Norton said growers have several tools available to quell the spread of the flies, but the most effective over the past three years ago is a molasses-based product called GF120. He said it contains the active ingredient of spinosad.

“We squirt a little stream of this sticky stuff up into the tree. The flies are very attracted to it, they graze on it.”

Norton said the spinosad causes a reaction that kills the cherry fruit flies. He noted that GF120 is widely used throughout the Okanagan Valley, more commonly than other products like organophosphates.

Norton noted that untended backyard cherry trees pose the biggest threat to healthy orchards.

“That one tree can be the source of literally hundreds of flies.”

He pointed out the cherry fruit fly population is not on the rise, but the pest is ever present in the area.

Norton said no cherry grower can manage an orchard without control measures to keep the fruit fly population down.

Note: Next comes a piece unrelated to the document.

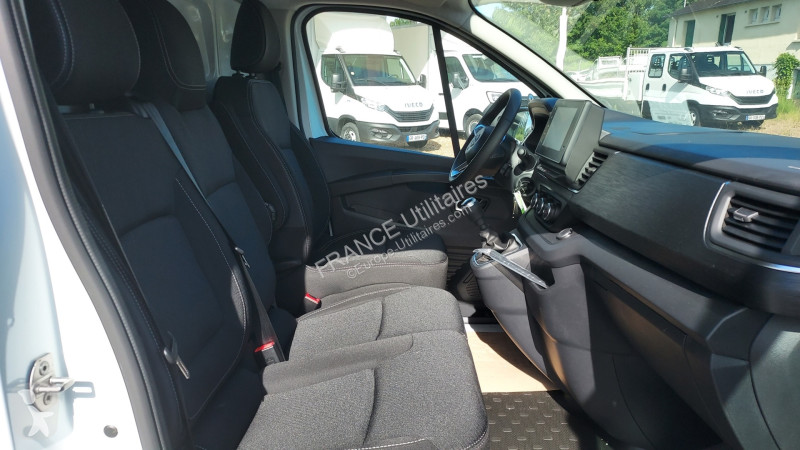 عربة نفعية Nissan PRIMASTAR FG L2H1 3T1 2.0 DCI...
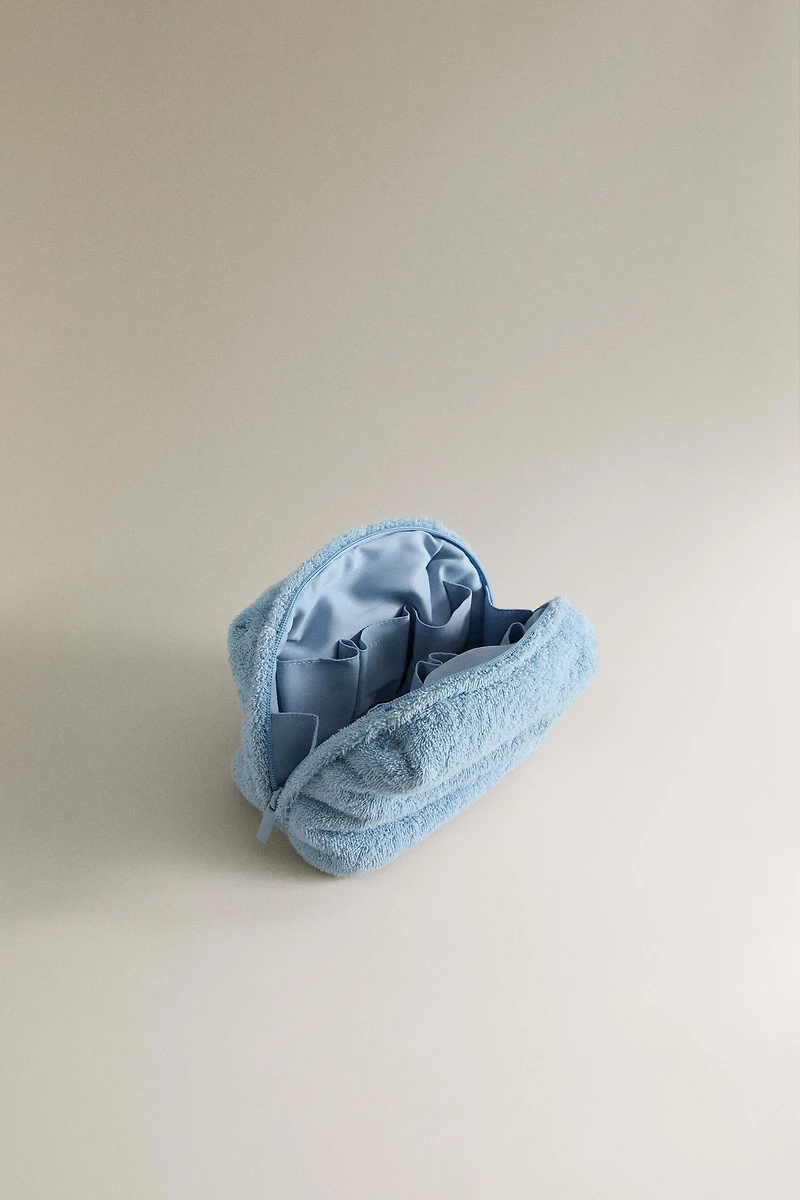 MEDIUM TOWEL MAKEUP BAG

While a good season for growth of cherries in the province, Norton noted that the market is depressed due to an oversupply of cheap cherries from the United States.

“There’s not a lot we can do, the government doesn’t provide any protection for cherry growers.”

Research scientist Dr. Howard Thistlewood said the cherry fruit fly appears in the form of a small white worm or larvae inside the cherry.

Thistlewood said 96 per cent of the fruit flies have a one year cycle.

He noted the flies live in the soil until early June. Thistlewood said the flies emerge at different times, mate and are ready to lay eggs in cherry trees, as well as other species of prunous plants.

He said the cherry fruit fly was not common in the area until the 1970s, when it was found to have moved onto cultivated cherries from the wild variety.

“It’s pretty easy to control, but people have to know what they’re doing.”

Thistlewood pointed out that many area residents have properties where there is a pre-existing cherry tree. He notes there are also cherry trees commonly on public property.

“They do require care and attention.”